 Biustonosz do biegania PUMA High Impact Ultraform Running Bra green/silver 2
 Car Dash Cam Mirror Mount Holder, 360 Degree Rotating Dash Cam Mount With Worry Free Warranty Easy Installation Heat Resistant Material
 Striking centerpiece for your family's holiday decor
——
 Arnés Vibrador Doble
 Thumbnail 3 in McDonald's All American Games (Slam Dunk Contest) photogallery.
——
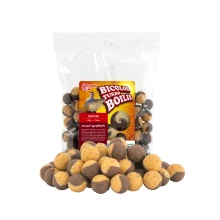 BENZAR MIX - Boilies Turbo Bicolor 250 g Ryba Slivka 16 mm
——
* _About this task_: Beginning with the line containing "Biustonosz do biegania" in the material above, copy every line exactly until you have copied the line containing "Striking centerpiece for".

* _Response to the task_:
 Biustonosz do biegania PUMA High Impact Ultraform Running Bra green/silver 2
 Car Dash Cam Mirror Mount Holder, 360 Degree Rotating Dash Cam Mount With Worry Free Warranty Easy Installation Heat Resistant Material
 Striking centerpiece for your family's holiday decor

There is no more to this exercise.